Fidèles... Mais l'esprit pourtant semble s'être évaporé en même temps que le progrès technologique amenait sa haute-fidélité... L'émotion de l'original a disparu. Ce qui était peut-être prévisible en l'absence de Vinicius !
Mais le second sacrilège que commit Baden Powell à l'égard des Afro-Sambas est intervenu quelques années plus tard quand il se convertit à la religion évangélique. Avec pour conséquence qu'en 1999, peu avant de mourir, Baden Powell déclare : " je ne peux plus dire saravá*. Je peux jouer la "Samba da Bênção" mais je ne dis pas saravá car c'est une louange de Satan" ("Não digo mais saravá. Posso tocar o Samba da Bênção, mas não falo saravá, porque é um louvor a Satanás"). Il faut savoir qu'au Brésil si le Catholicisme a longtemps combattu les religions afro-brésiliennes, il est devenu beaucoup plus tolérant. Par pragmatisme probablement, de nombreux fidèles fréquentant les terreiros une fois sortis de l'église.
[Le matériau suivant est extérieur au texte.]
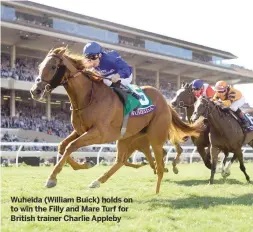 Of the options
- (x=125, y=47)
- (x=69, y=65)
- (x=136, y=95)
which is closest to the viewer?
(x=69, y=65)

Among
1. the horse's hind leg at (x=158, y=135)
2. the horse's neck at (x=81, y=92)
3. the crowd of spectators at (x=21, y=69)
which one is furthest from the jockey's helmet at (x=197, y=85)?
the crowd of spectators at (x=21, y=69)

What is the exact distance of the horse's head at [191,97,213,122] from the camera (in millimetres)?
7379

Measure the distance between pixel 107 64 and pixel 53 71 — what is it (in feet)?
3.16

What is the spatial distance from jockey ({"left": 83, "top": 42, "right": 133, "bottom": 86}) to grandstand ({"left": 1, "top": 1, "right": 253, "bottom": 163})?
42.5 ft

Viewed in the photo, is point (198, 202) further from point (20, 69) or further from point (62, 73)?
point (20, 69)

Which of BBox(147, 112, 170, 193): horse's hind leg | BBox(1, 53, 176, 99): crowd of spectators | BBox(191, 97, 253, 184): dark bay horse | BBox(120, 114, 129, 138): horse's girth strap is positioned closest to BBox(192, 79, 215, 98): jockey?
BBox(191, 97, 253, 184): dark bay horse

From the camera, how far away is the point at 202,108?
24.5 feet

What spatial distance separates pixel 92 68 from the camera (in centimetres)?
548

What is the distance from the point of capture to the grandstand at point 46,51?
77.0 feet

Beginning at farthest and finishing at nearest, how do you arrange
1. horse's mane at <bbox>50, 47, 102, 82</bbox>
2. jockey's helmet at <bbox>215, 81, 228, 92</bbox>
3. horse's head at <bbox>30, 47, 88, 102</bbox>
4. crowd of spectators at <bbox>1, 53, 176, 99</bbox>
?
crowd of spectators at <bbox>1, 53, 176, 99</bbox> < jockey's helmet at <bbox>215, 81, 228, 92</bbox> < horse's mane at <bbox>50, 47, 102, 82</bbox> < horse's head at <bbox>30, 47, 88, 102</bbox>

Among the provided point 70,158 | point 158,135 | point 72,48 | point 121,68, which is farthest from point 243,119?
point 72,48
A l'inverse, les nombreuses églises évangélistes font preuve d'une impitoyable intolérance à l'égard des religions afro-brésiliennes, sommant leurs fidèles de ne pas fréquenter d'autres lieux de culte, caricature de monothéisme sectaire.
Dans une interview accordée alors à la Folha de São Paulo, il revenait sur cette conversion et ses conséquences... J'ai donc essayé d'en traduire quelques extraits...
D'où vient le côté afro des Afro-Sambas ?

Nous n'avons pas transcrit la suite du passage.